Two of my favorite radio stations recently shut down, more or less out of the blue: NME Radio and Q Radio in London, both spin-offs of popular music magazines. I liked them for their mix of alt rock, indie, and Brit pop – but I have to admit that, in both cases, I didn’t even notice the void in the ether until several weeks after NME and Q Radio had stopped broadcasting (and live-streaming on the Web, which is how I listened).
Please note that this blog post is more than 10 years old and some apps or services (like Songza and Rdio) are no longer around.
Growing up in Germany, I used to be glued to the stereo, following my favorite radio DJs all day long – and sometimes way into the night. Simon Guettier of British Forces radio BFBS had a quirky segment called “What a way to go” that simply begged to be heard, night after night, before lights-off. I probably didn’t get enough sleep during High-School, but I learned a lot of English in an entertaining way. (Thank you, Simon!)
But radio became bland. Programmed for the lowest common denominator, chock-full of advertising and happy-happy talkers, largely devoid of character(s). There are exceptions, of course, from NPR to BBC6, but they’re far and few in-between. Thankfully the decline of radio coincided with the rise of the Web, giving us plenty of listening alternatives, from iTunes and Pandora to Spotify, Rdio and many more. These days, I typically tune in to Songza when I want something resembling a smart radio station playing my kind of music.
What makes Songza stand out from the crowd is its combination of clever user interface and curated playlists: the service tries to anticipate moods (“It’s Friday evening – play music for: cooking, unwinding, hosting a cocktail party…”) and goes beyond computer algorithms that simply guess what I might like.
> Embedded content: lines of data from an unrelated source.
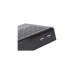 SilverStone SST-PT13B, HTPC-Gehäuse(schwarz)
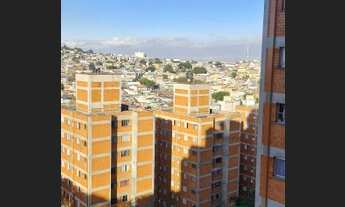 Imagem 6: Apartamento para venda possui 44 metros quadrados com 2 quartos em Jardim Catanduva - São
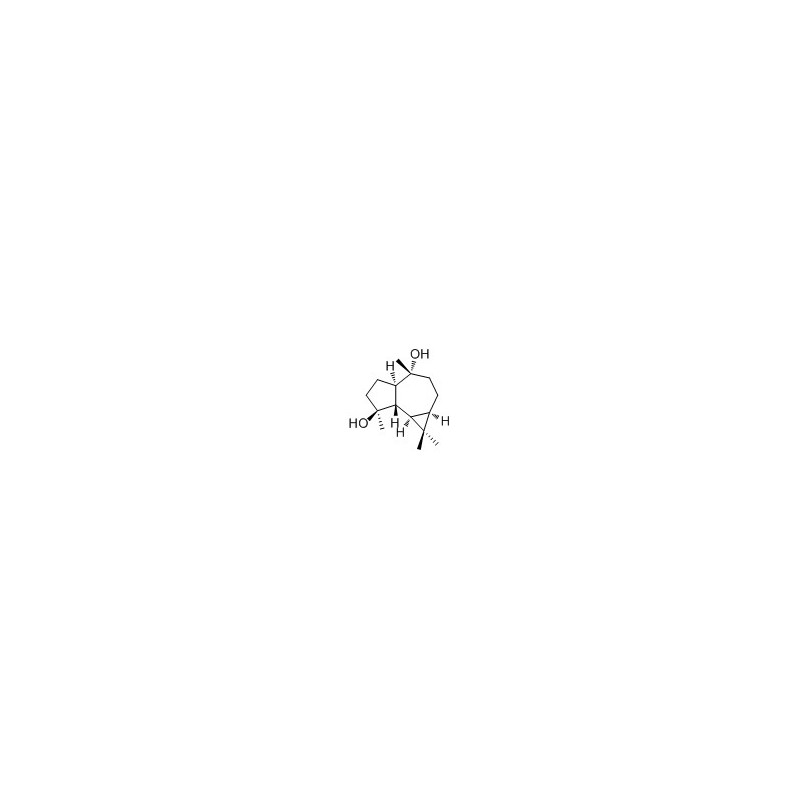 Structure of 70051-38-6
Instead, humans put together playlists for bands, genres and more; just like music lovers do at good radio stations. In a smart move, Songza scours music blogs for new tunes and matches them with its catalog to offer playlists like “Gorilla vs. Bear,” “Blogged 50” or “New Artists To Watch.”
The result is a music service that offers both personalization and variety, in a way that traditional radio stations have a hard time matching. Naturally, if you like the chit-chat and friendly banter of your favorite KissStarHot FM, then music-only services like Songza won’t be much of a draw. In fact, the CEO of America’s largest radio empire, Clear Channel, pins his hopes on radio being like “Cheers” – a friendly bar “where everybody knows you and you know them, and you say, ‘What’s up?’”
But apparently this concept is quickly losing its appeal, not just for me. In the U.S., the average time spent listening to traditional radio has fallen from 22 hours per week in 1998 to just 14 hours in 2012. In the U.K., “over the past ten years, time spent listening fell by 22% among the 15-24s and now stands at an average of 17 hours each week,” notes the independent regulator Ofcom.
That doesn’t mean radio will go away. Far from it. In all likelihood, new forms of radio will emerge, combining the best of the analog airwaves with the multimedia possibilities of the online world – personalization, live information, human interaction, all with great music and great people. I look forward to this new golden age of radio. But I’m happy to leave the mass-produced mess of commercial radio, as it is, behind and turn to online alternatives. Songza’s UI design may be an eyesore – what were they smoking when they came up with that purple-to-pink background flare? – but thankfully music is all about listening: ears open, eyes closed.